Sunday, September 11, 2011

Learning to document..hmmm...no...communicate

We document something or the other everyday. 

We document for "formality" purposes. 
We document to "save our asses". 
We document for "milestone deliverable" purposes (payments would be dependent on it).

But how many times have we documented to communicate?

Every time, I compose a design or an architecture document, it starts on a good note. I enter the "table of contents", with a lot of thought and structure and then as the documentation progresses, the interest wanes.

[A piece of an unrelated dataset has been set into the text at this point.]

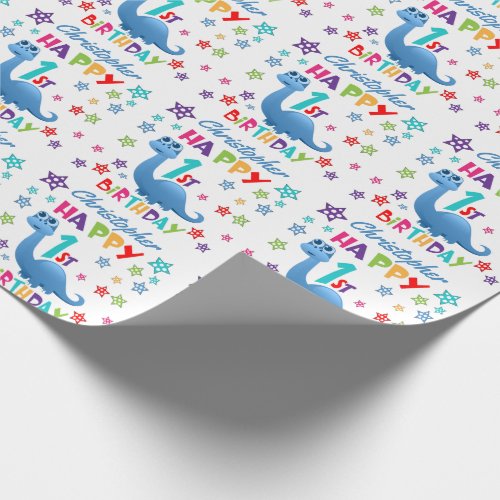 Blue Dinosaur 1st Birthday Wrapping Paper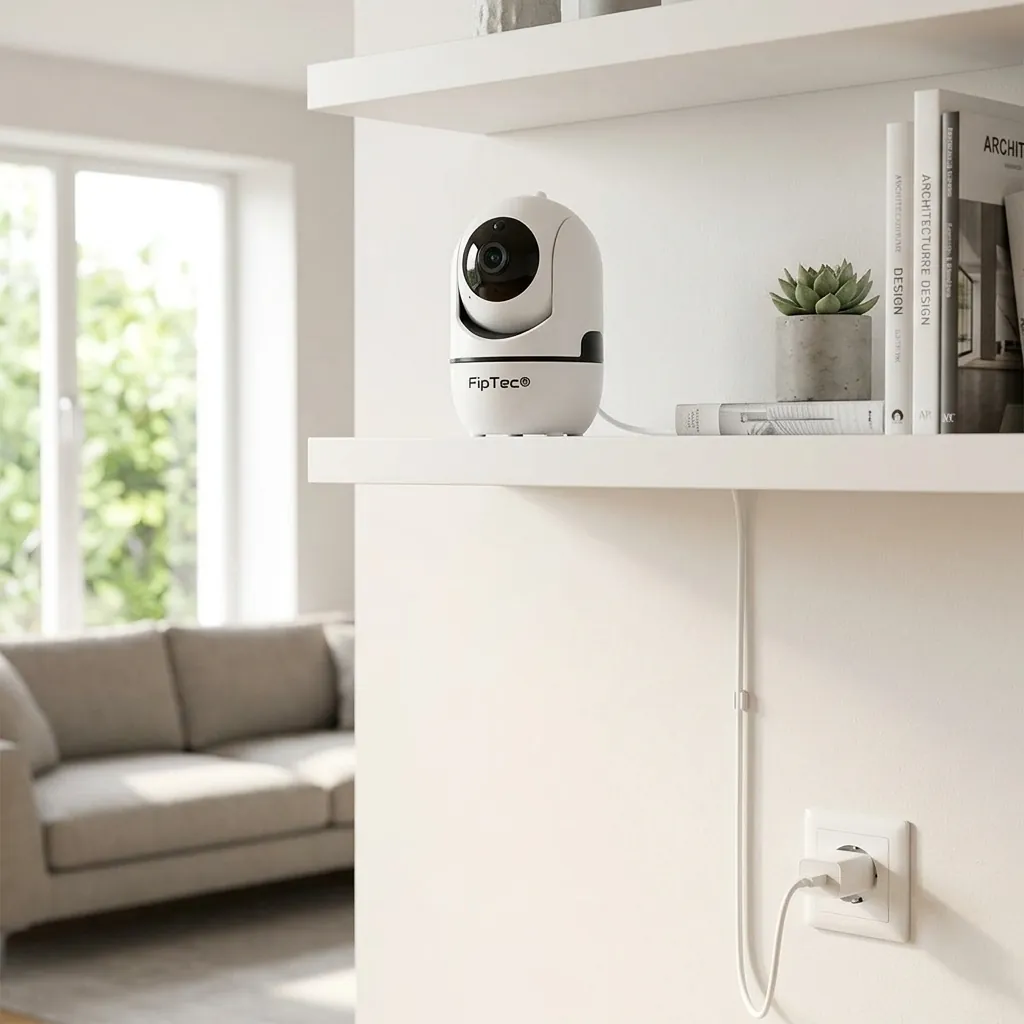 Бяла интелигентна Wi-Fi камера FipTec, разположена на бяла полица в модерен хол, осигурява дискретна защита и сигурност за дома. Насладете се на пълно спокойствие с лесен контрол отвсякъде.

The objective starts with "communicating the design" and then finishes with "documenting the design". A more deeper thought on it revealed that when I start documenting, I start with documentation, not communication...High level design documentation, low level documentation, support manual documentation, etc...These are all boring words to anybody. Who cares to read the disclosures? Who cares to read the "Conditions apply?". Because these are all documents. Their primary purpose is to save themselves and not to communicate something to their customers. That's why they are a failure..

Now documentation is a boring word...I researched the two keywords - documentation & communication on Google's Ngram Viewer and this was the graph...
(Communication vs documentation)

It is a nice comparison between the 2 words. One basic inference is that "communication" has been in use for a long time. Documentation seems to be a word of the post-40s. And communication has been used in a lot of books compared to documentation, illustrating the fact that its communication you would want to do rather than documentation in your projects.

Once you start thinking in terms of communication, your whole perspective towards composing any kind of artifact changes. You would want to communicate your design process, challenges you faced, your solution, benefits and drawbacks. Its like selling your design process. This will free you from MS Word documents. It can be a simple presentation or a movie or an audio file too or just a diagram.

Documentation..hmmm...no...Communication is an art..Its one of those pieces when done right, the satisfaction is fulfilling. Ask the book writers and scholars.